I hope that nobody reading this blog, thinks that white people are superior to people of other coloured skins or deserving of any greater privileges. While we might concede the historical fact that white people on both sides of the Atlantic had and still have better opportunities, our moral compass is now firmly pointed at equality. For that reason we can delight to see that Ken Frazier, CEO of Merck is a black-skinned man.
Today I will be on my boat alongside 12 people , the majority of whom will be of Asian origin. They are as welcome to my boat and to the delights of the Thames as my own family (who have never been to Asia!)
Charlottesville is incomprehensible to me, other than as an historical abstraction. Arguments about the moral code of General Lee, of slavery and of the “rights” of the Klu Klux Klan, have no place in a forward thinking democracy like the UK or the US. And yet these codes , behaviours and values are validated by President Trump, implicitly and explicitly.
This was too much for the great and the good. For all their support of Trump’s business agenda, the executives could not simply laugh Trump’s behaviour off as “politics”.
John Flannery, the new chief executive of General Electric, told staff that the white supremacist march in Charlottesville
“could not be further from the values that we hold dear”.
Jamie Dimon, chairman of JPMorgan, wrote to the bank’s staff:
“It is a leader’s role, in business or government, to bring people together, not tear them apart.”
These leaders did not cite their Environment Social and Governance code, they didn’t have to. But that they had such a code meant that they could not do other than walk away from Trump’s condolence of racism.
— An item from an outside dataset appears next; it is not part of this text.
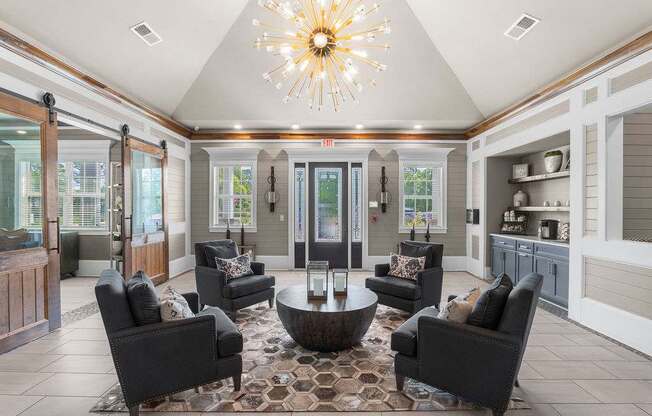 A living room with a large chandelier and a rug.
Those who have campaigned for the adoption of ethical codes within businesses, can be rightly proud this weekend. For the adoption of the values within those codes has ensured that the president can no longer rely on naked economics but will have to respect capital as a force opposed to lowest common denominator populism.
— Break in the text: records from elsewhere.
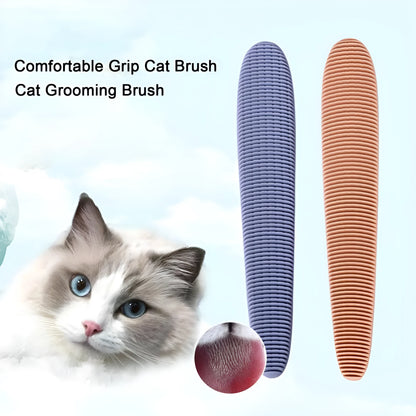 Grey and pink cat grooming comb with tongue massage design and dual-ended narrow and wide sections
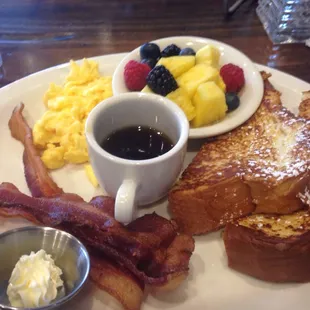 Scrambled eggs, bacon, fruit, and French toast.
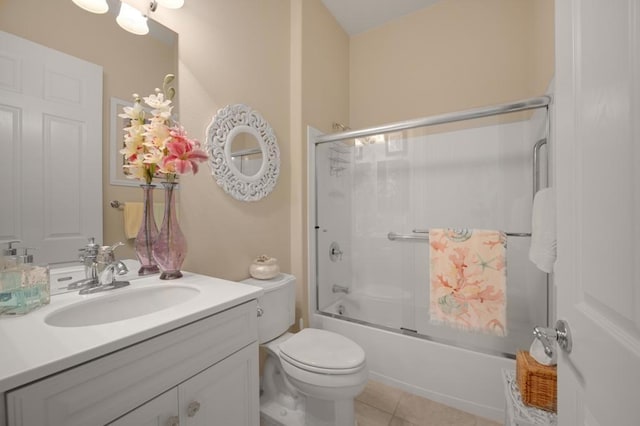 full bathroom featuring tile patterned flooring, vanity, toilet, and enclosed tub / shower combo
Trump’s gamble seems a stupid one. Firms like Merck, General Electric and JP Morgan trade throughout the world. While Trump wants to put America first, these organisations have to listen and put their views second. It is hard to see Jamie Dimon talking to European analysts about the importance of ESG , if he was validating the behaviour of a racist bigot.
We will now have to see what the loss of this validation means to Trump’s administration. If corporate America rebels against Charlottesville, will it rebel about the USA’s withdrawal from the Paris Accord? Or the postponement of fiduciary regulations in financial services?
I am reminded of the reign of King Charles I which began with the support of parliament and ended with the King losing his head. Like President Trump, Charles’ legitimacy – which Charles deemed absolute – was questioned, opposed and ultimately brutally terminated because of what we can now see as the causes of the English Civil War. I do not want to see Trump beheaded or even impeached, I want him to govern according to the corporate code that governs corporate America.
Ironically, Trump’s core constituency of support, now looks as politically isolated as economically abandoned. Trump is finding that an attempt to reimpose a world of confederate values simply doesn’t wash in an America that put slavery and white supremacy behind it some time ago. Any thought of recidivism is blocked by the economic reality that corporate America cannot go it alone.
The values of wider global governance trump Trump.